Me Bamba Cissé a aussi souligné le cas de l’accusé Ibrahima Ndiaye qui a obtenu la libération d’office (avant-hier) dans l’affaire iman Ndao et Cie, inculpés d’actes de terrorisme. Ce, dans la mesure où il n’a pas été assisté par son conseil à l’enquête.

L’autre bizarrerie, dans le jugement qui a été rendu en première instance sur les nullités de la procédure est, selon lui, qu’on a violé tellement de règlements dans cette affaire. ‘’Cette motivation du juge correctionnel n’est pas bonne. Cependant, la main de Dieu s’est installée dans cette procédure. Avec l’article 5 de l’Uemoa et avec l’arrêt de la Cedeao, il y a les deux mains de Dieu’’, signale-t-il.

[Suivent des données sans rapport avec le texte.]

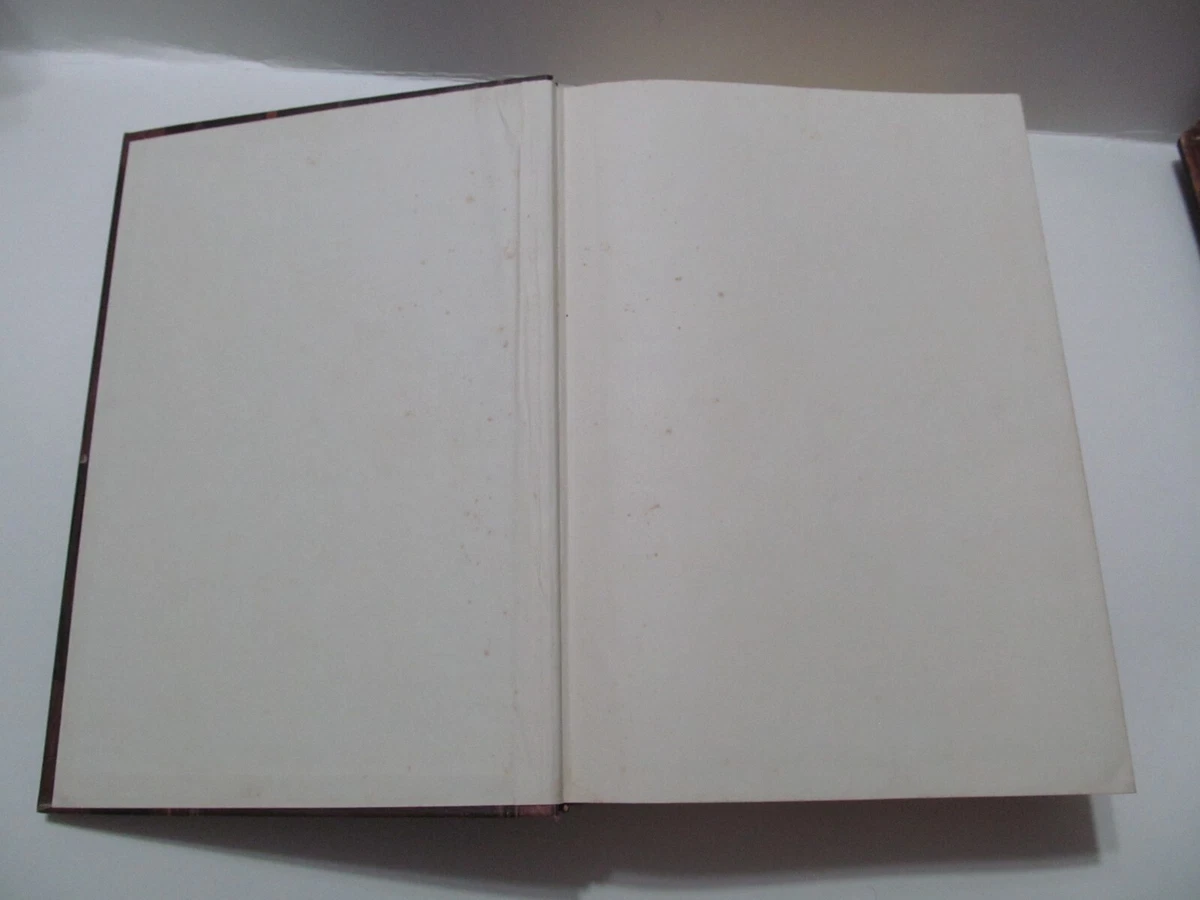 LE RICETTE REGIONALI ITALIANE By Anna Gosetti Della Salda First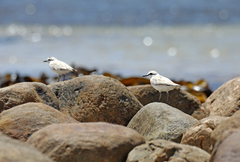 Charadrius marginatus marginatus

A son tour, Me Issa Diop s’est référé uniquement à l’arrêt de la Cedeao, arguant qu’un droit fondamental est un droit qui s’inscrit dans les droits internationaux. ‘’Tous les textes ont été violés. La cour est allée très loin dans son arrêt. Qu’on ne nous dise pas qu’il s’agit d’une décision interne (le jugement en première instance) et que nous n’avons pas besoin d’invoquer les juridictions internationales’’, a averti le conseil de la défense. Et de souligner que la cour devait aussi dire qu’elle n’était pas d’accord avec la décision de la chambre d’accusation. D’ailleurs, fait-il savoir, c’est ce qui a permis le rejet. ‘’L’ayant constaté, la cour dit que c’est l’Etat du Sénégal qui en est responsable, alors que ce dernier s’est déclaré non coupable en attribuant l’erreur aux Opj.  Mais il faut savoir que cette thèse est inacceptable. On ne peut pas nous dire que cette juridiction a statué sur les Droits de l’homme. Il y a eu confusion’’.

Me Padounou : ‘’On ne peut pas subordonner le sort de Khalifa Sall à celui de Yaya Bodian’’

Sur l’article 5 de l’Uemoa, déclare son confrère de la défense Me Mbaye Sène, la seule sanction, c’était l’annulation du procès-verbal d’enquête préliminaire ainsi que du réquisitoire introductif. ‘’Mais le premier juge n’a pas voulu aborder la question. Il a rajouté à la longue absence de preuves. Il y avait l’erreur manifeste qui a été commise devant la chambre d’accusation qui viole toutes les lois de façon inacceptable. On se demande si vraiment le parquet général est là pour le peuple sénégalais’’. Au juge Demba Kandji, il a dit : ‘’Voilà un cas où il doit faire un pourvoi. En première instance, nous avons plaidé la nullité de l’ordonnance de renvoi tirée de cet article. Cette disposition n’a pas été respectée par le juge d’instruction. Je vous demande d’être le juge de droit et de faire droit.’’ Non sans enseigner que le droit pénal repose sur une procédure.

Avocat de Yaya Bodian condamné, Me Emmanuel Padounou a tenu un discours rebelle. A l’en croire, ‘’on ne peut pas subordonner le sort de Khalifa Sall à celui de Yaya Bodian’’. ‘’Je me suis beaucoup intéressé à la posture de Yaya Bodian dans cette procédure. Mon client n’a aucune ambition politique. Il se retrouve dans une procédure avec des acteurs qui sont dans un mastodonte politique. Il lui a été refusé le droit de plaider une nullité devant le juge d’instruction, parce que tout simplement Khalifa Sall a été déchu de son droit de faire appel’’. Avant de poursuivre : ‘’Yaya Bodian n’est pas Khalifa Sall et ses droits ne sont pas assimilables à ceux du maire de Dakar. Il s’y ajoute que l’annulation de cette procédure est obligatoire, d’autant plus qu’il s’agit d’une violation d’un droit fondamental, d’un droit absolu. La Cour de justice de la Cedeao ne lui a donné aucun franc, donc, c’est un vice inacceptable. Il faut faire cesser le vice dont il souffre, depuis l’enquête préliminaire’’.